● Exercise objective
Below is a listing; restate from it, character for character, the lines beginning at the line holding "Excursion privée en" and ending at the line holding "Photo of 7233", both included.

● Entries shown
******************************
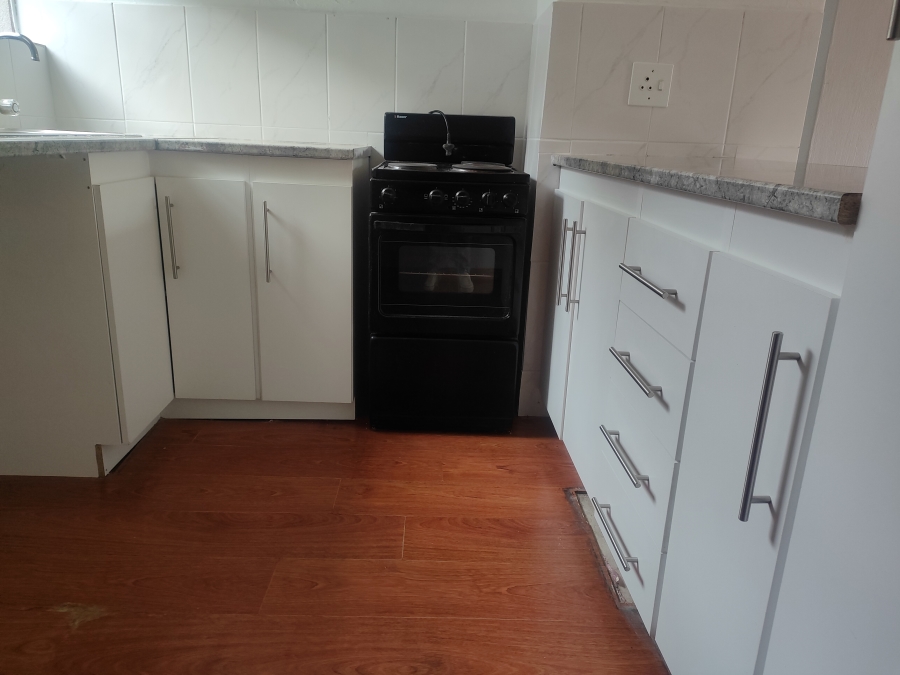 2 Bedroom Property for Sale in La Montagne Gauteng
******************************
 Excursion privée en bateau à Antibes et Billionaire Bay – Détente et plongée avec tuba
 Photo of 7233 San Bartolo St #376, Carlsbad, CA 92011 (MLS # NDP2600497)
******************************
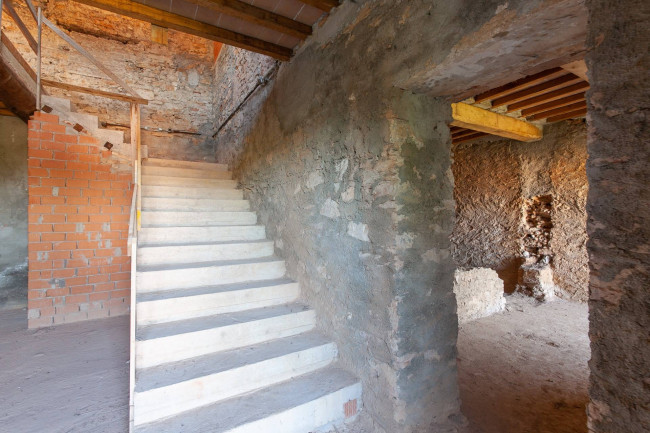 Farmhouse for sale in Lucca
******************************
● Expected answer
 Excursion privée en bateau à Antibes et Billionaire Bay – Détente et plongée avec tuba
 Photo of 7233 San Bartolo St #376, Carlsbad, CA 92011 (MLS # NDP2600497)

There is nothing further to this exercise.